By means of a Cobb–Douglas production function, our proposed model seeks to assess the effects of maritime infrastructure on GDP. The model considers the seaport capital stock (SPC), the labour factor (LF), and the physical capital (PK) as factors of production. Finally, the production function requires another variable representing the physical capital off seaport capital (PKOSPC) and a coefficient (A) to denote the technological effects on the factors of production.

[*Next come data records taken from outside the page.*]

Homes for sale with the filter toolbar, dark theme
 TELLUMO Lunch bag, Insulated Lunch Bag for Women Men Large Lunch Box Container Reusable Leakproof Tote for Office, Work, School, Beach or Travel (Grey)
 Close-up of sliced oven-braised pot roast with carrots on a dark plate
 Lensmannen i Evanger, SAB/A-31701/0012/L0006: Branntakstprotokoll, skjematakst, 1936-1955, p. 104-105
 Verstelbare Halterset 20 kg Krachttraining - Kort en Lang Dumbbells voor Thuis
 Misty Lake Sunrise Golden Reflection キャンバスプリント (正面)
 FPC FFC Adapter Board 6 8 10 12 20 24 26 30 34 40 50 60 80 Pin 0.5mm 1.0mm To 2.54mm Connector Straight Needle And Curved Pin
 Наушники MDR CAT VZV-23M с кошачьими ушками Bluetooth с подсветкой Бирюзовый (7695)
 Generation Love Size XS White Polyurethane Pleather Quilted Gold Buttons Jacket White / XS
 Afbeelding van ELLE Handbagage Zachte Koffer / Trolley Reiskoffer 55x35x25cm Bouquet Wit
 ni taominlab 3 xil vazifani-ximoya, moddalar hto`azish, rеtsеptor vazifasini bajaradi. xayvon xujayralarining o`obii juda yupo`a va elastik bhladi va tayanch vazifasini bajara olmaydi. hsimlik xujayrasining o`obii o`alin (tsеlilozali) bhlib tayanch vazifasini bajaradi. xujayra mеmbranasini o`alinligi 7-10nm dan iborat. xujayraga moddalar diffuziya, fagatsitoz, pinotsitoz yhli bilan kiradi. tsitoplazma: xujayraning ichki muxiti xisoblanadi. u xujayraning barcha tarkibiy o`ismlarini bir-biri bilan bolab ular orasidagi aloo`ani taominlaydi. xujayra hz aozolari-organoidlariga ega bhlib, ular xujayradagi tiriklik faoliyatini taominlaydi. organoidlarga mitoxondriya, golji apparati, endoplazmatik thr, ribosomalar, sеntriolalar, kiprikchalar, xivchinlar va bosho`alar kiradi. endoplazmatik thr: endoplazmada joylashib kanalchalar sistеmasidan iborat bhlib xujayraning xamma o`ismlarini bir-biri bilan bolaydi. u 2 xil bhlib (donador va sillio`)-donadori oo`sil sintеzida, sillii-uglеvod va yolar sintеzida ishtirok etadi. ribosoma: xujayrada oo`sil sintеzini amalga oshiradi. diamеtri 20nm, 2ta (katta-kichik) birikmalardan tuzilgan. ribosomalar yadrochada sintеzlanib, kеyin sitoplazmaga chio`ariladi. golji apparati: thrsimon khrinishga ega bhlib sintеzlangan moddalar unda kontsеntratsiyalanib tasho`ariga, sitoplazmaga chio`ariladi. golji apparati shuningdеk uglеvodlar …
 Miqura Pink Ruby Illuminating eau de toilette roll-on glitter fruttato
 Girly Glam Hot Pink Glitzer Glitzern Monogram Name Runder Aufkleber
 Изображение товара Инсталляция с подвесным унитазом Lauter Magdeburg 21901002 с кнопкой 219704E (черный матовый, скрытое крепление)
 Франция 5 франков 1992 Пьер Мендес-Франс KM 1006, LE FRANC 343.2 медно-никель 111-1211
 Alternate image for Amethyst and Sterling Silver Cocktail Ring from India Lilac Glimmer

Thus, the proposed model is defined as follows:

$$Y = A.PK^{\alpha } .LF^{\beta } .SPC^{\lambda } .PKOSPC^{\gamma }$$

For Eq. 1 to be estimated with the panel data technique, it is transformed as follows:

$$Y_{it} = A.PK_{it}^{\alpha } .SPC_{it}^{\beta } .LF_{it}^{\lambda } .PKOSPC_{it}^{\gamma } ;\,\,{\text{where}}\,\,i = \left\{ {1,2 \ldots 5} \right\}$$

where \(i\) denotes the five branches of economic activity, \(t\) is the year ithe 1985–2020 period. The parameters (\(\alpha ,\,\beta ,\,\lambda ,\) and \(\gamma\)), meanwhile, represent the scale returns or elasticities of national production with respect to the factors of production. Moreover, the elasticity of national production with respect to maritime infrastructure is the main parameter of interest for this model, because it reflects the effects of maritime infrastructure on growth.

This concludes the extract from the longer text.